As families navigate treacherous routes (including taking precarious boats through the Pacific Ocean and the Caribbean Sea, as well as passing through the Nicaraguan border or the Darien Gap), they become targets for human trafficking and kidnapping. During our meetings with Costa Rican organizations we also learned that many families end up separated while making the perilous journey, in part because some of them become victims of these and other crimes, or because they lack money to continue the journey. Some parents, especially fathers, are forced to make the decision to stay behind and send their children or their wife and children ahead if they can’t afford to pay for everyone in the family to travel. The father often stays behind until they earn enough money to also make the journey.
This forced migration has also caused thousands of migrant children to lose access to education. Many families who had been approved for resettlement to the United States had withdrawn their children from school in preparation for imminent resettlement. Their situation often became even more precarious after the Safe Mobility Offices closed, and some of these children have now been out of school for over a year.
For Nicaraguan asylum seekers, the situation is particularly dire. For the past seven years, Costa Rica has been the primary host country for Nicaraguans fleeing persecution in their home country. Unfortunately, Costa Rica’s geographic proximity to Nicaragua allows transnational repression to persist. Exiled journalists and political dissidents have reported the existence of Nicaraguan state sponsored surveillance networks in Costa Rica who track, coerce and intimidate dissidents they want to silence. Nicaraguans fleeing persecution are often targeted or even killed within Costa Rica. Furthermore, according to reports the Nicaraguan consular authorities in Costa Rica have weaponized the denial of passports against people who have been labeled as “threats to the government”, effectively rendering them stateless. The suspension of U.S. protection programs has trapped people in a “death zone” where they are neither safe to stay nor able to leave.

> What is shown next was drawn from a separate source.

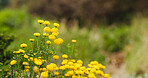 Plants, environment and grass with flowers, nature and countryside with earth day. Empty, landscape and spring time with growth, eco friendly and ecology with sustainability, blossom and floral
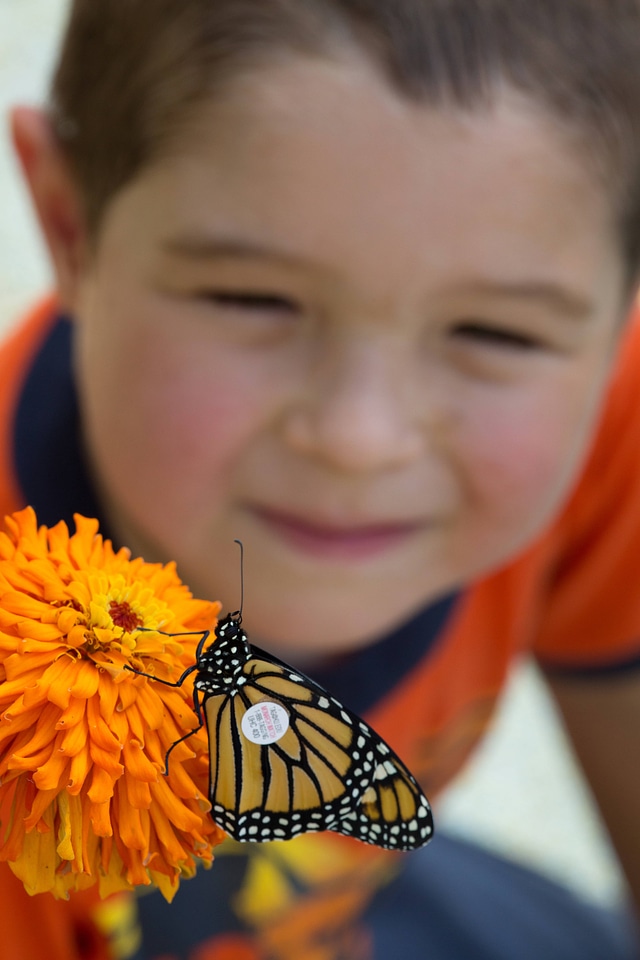 Tagged Monarch and child-1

Based on the current needs, the local and international organizations in Costa Rica whom we met with identified the following as the top priorities to improve the safety and wellbeing of forcibly displaced people:
- Oppose the United States’ Asylum Cooperative Agreements (ACAs)
- Support Venezuelans and Nicaraguans in the United States and in Costa Rica
- Continued public advocacy efforts to humanize migration
We Must Restore the Principle of Family Unity and Humanize Migration
Overall, the United States’ policy changes have created more danger for people fleeing persecution, both internally in Costa Rica and throughout the Americas. The revocation of lawful status, such as parole and TPS, has stripped people of safety and placed them at risk of deportation and family separation. The U.S. should restore those protections. as well as effective and safe legal pathways for family reunification. Finally, the U.S. must reverse course on recent policy decisions and fund humanitarian aid in a robust way, instead of fueling policies that fracture family units and perpetuate fear.